SUPPLIED DATA ::
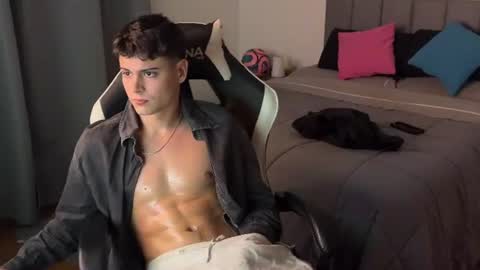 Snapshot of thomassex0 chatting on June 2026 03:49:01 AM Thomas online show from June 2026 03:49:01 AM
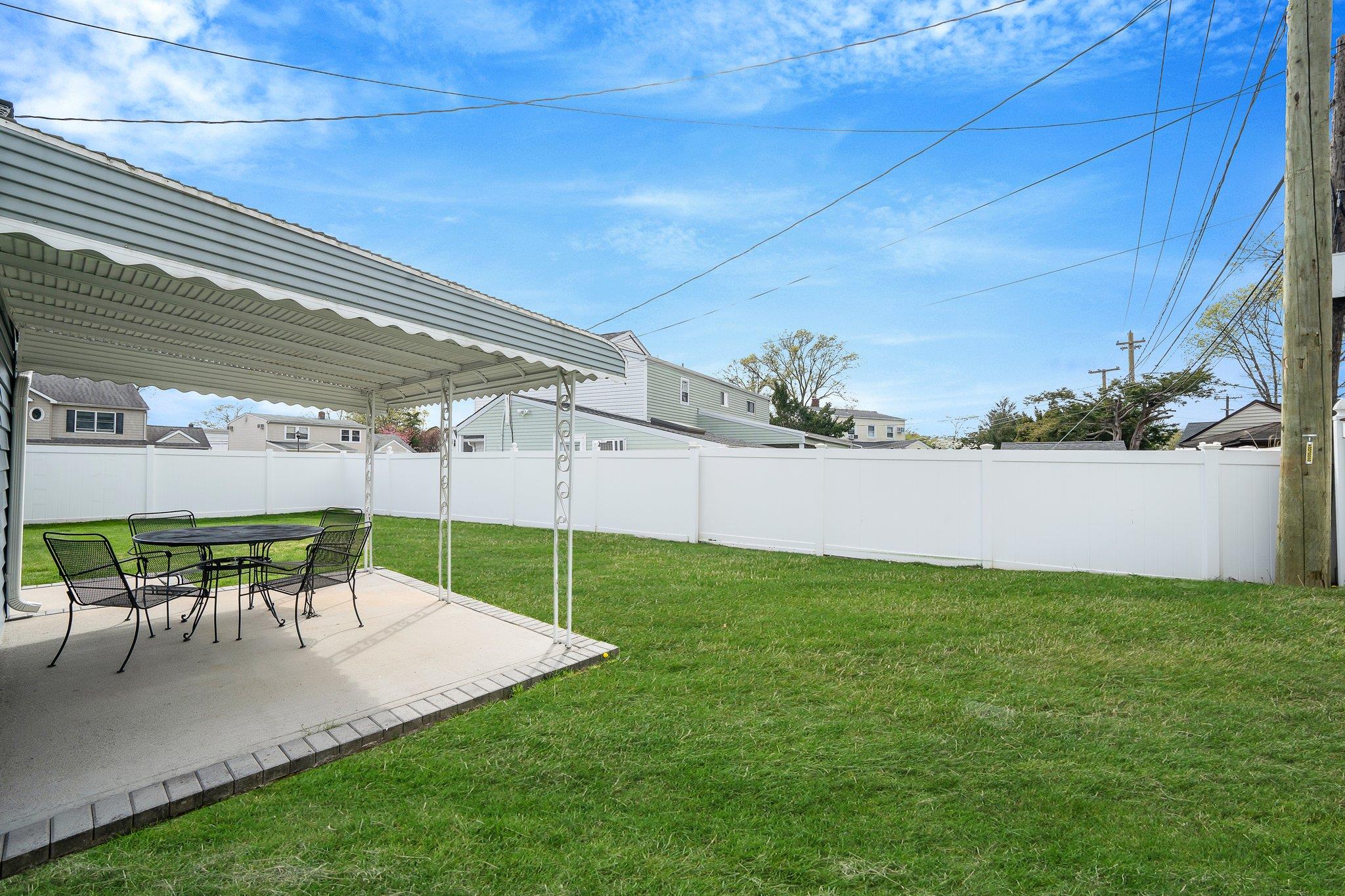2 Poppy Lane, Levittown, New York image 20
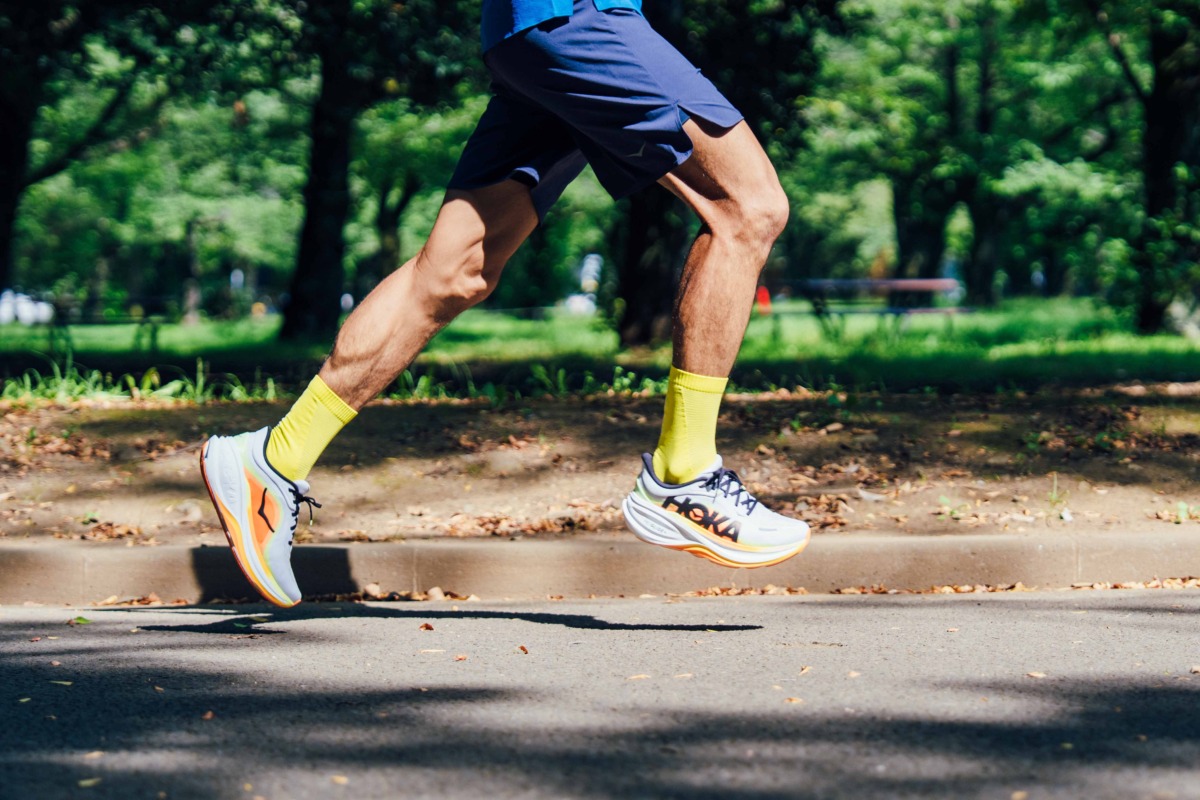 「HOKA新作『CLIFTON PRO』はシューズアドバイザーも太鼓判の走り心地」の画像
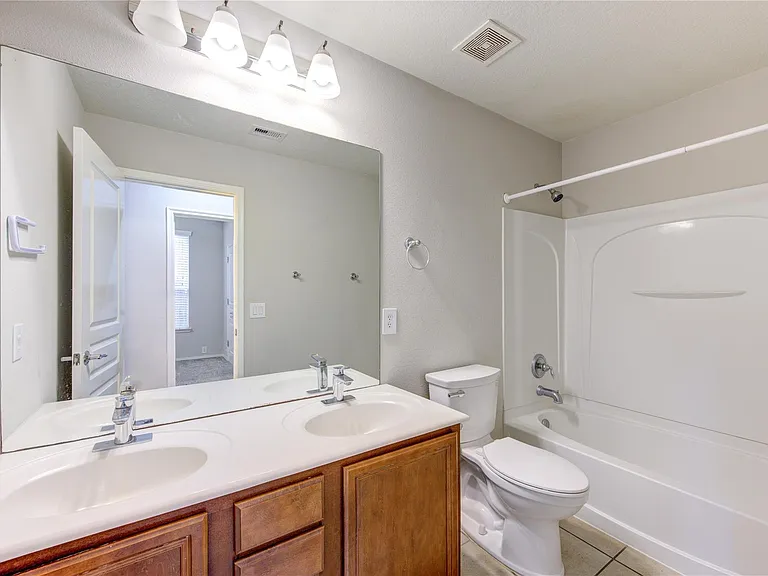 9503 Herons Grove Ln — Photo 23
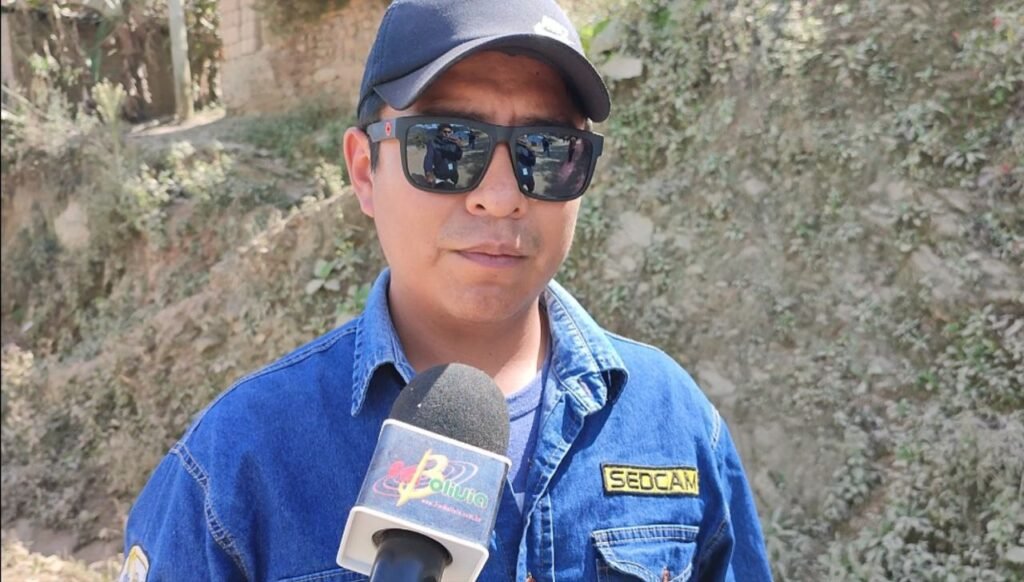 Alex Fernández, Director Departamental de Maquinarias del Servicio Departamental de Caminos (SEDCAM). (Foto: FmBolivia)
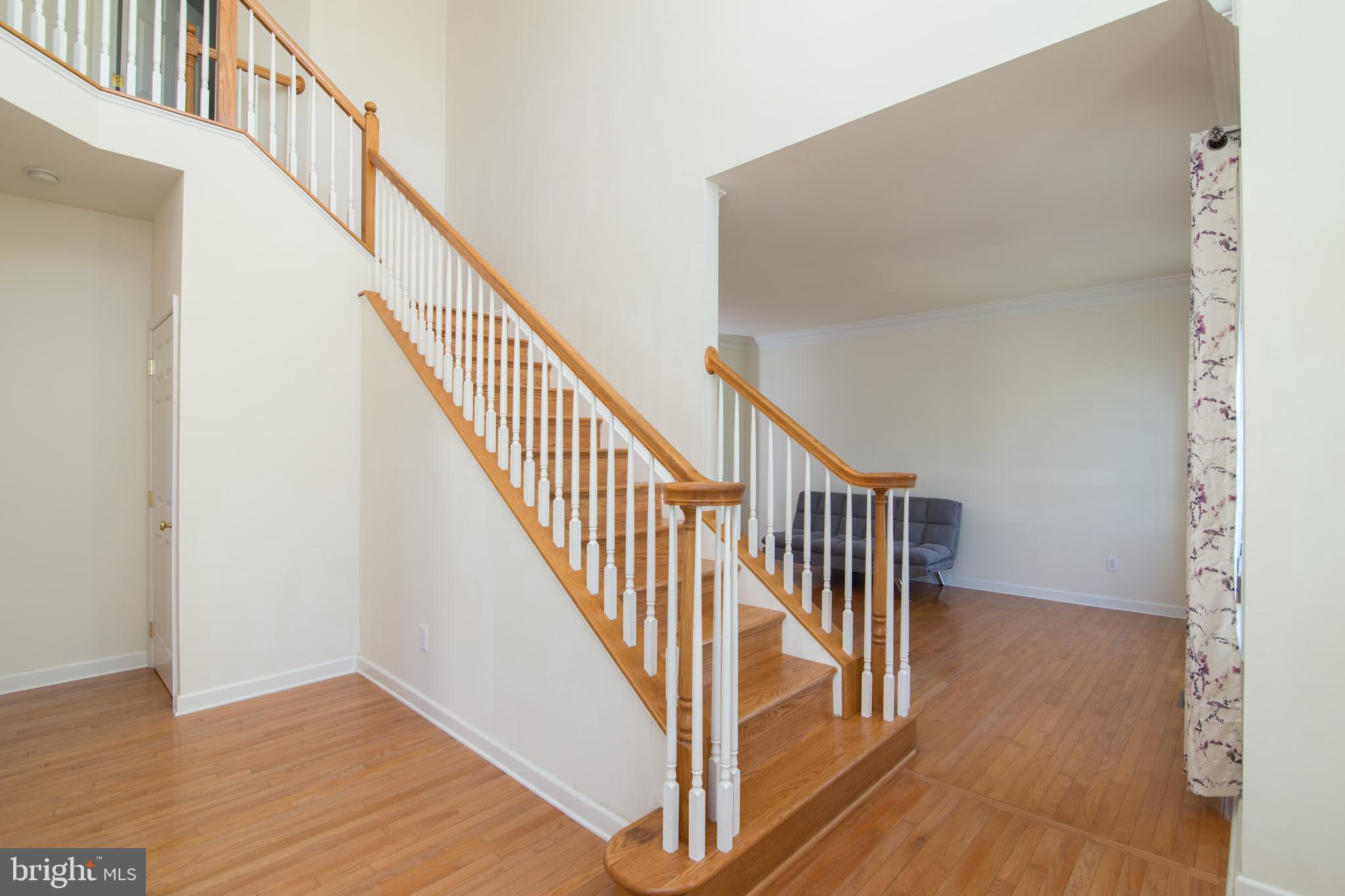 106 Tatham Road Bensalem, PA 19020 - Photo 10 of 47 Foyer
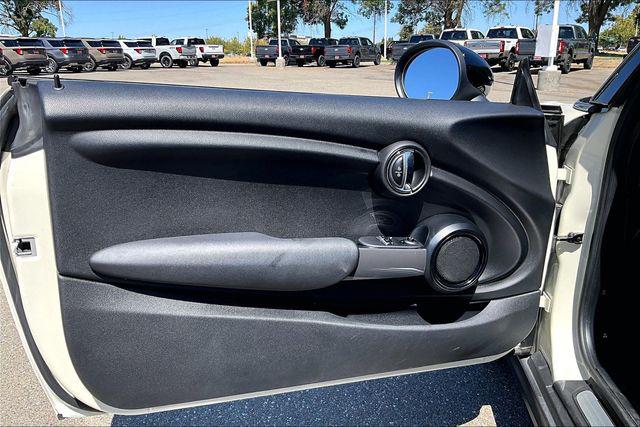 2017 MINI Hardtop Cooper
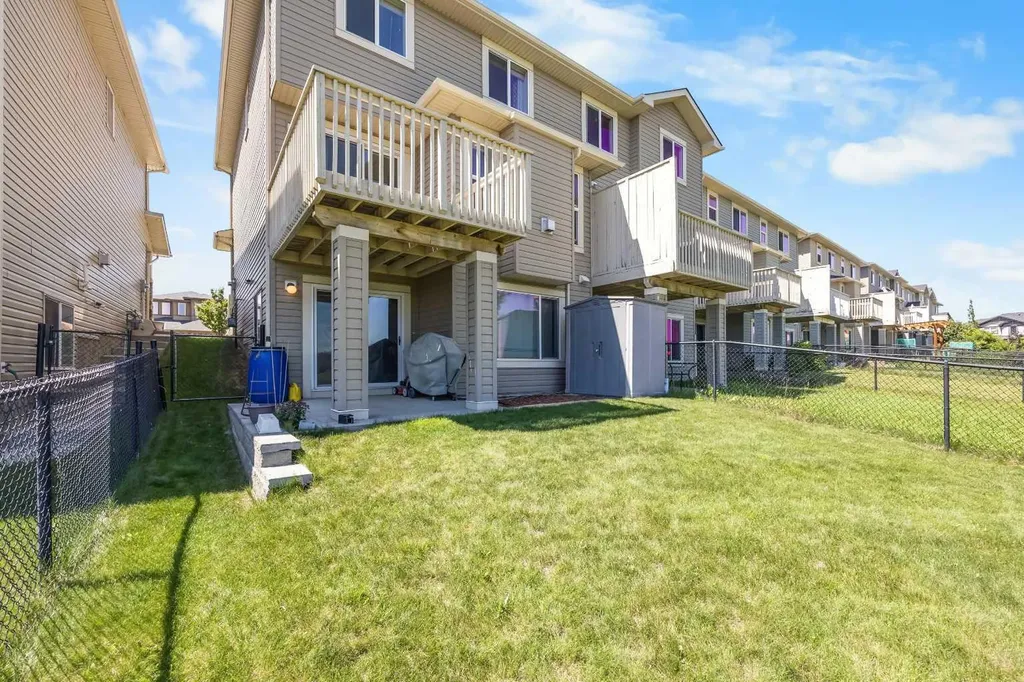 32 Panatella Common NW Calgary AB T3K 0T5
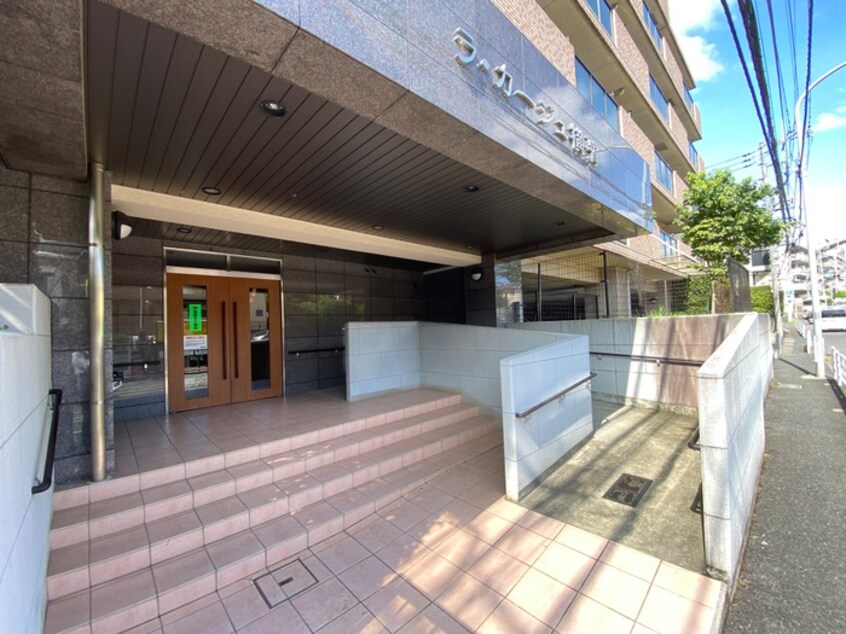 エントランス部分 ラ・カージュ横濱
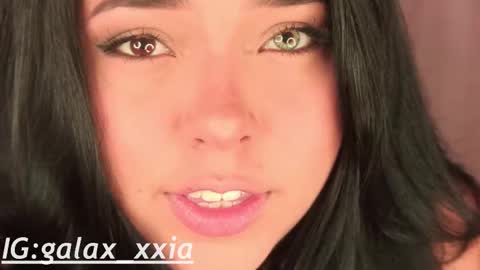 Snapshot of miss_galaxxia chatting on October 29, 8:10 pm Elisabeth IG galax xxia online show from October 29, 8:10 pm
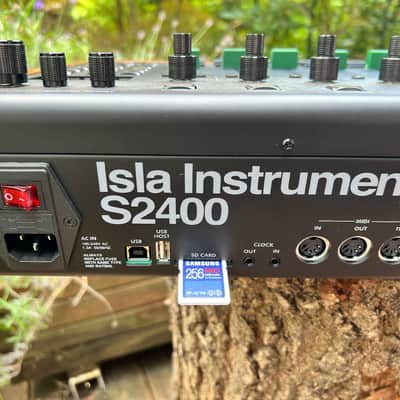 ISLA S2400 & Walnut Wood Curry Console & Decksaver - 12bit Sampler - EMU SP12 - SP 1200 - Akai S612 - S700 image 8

ASSIGNMENT ::
Please return only the lines from the one holding "Alex Fernández, Director" through the end of the data, both ends included; do not copy any pictures.

TASK SOLUTION ::
 Alex Fernández, Director Departamental de Maquinarias del Servicio Departamental de Caminos (SEDCAM). (Foto: FmBolivia)
 106 Tatham Road Bensalem, PA 19020 - Photo 10 of 47 Foyer
 2017 MINI Hardtop Cooper
 32 Panatella Common NW Calgary AB T3K 0T5
 エントランス部分 ラ・カージュ横濱
 Snapshot of miss_galaxxia chatting on October 29, 8:10 pm Elisabeth IG galax xxia online show from October 29, 8:10 pm
 ISLA S2400 & Walnut Wood Curry Console & Decksaver - 12bit Sampler - EMU SP12 - SP 1200 - Akai S612 - S700 image 8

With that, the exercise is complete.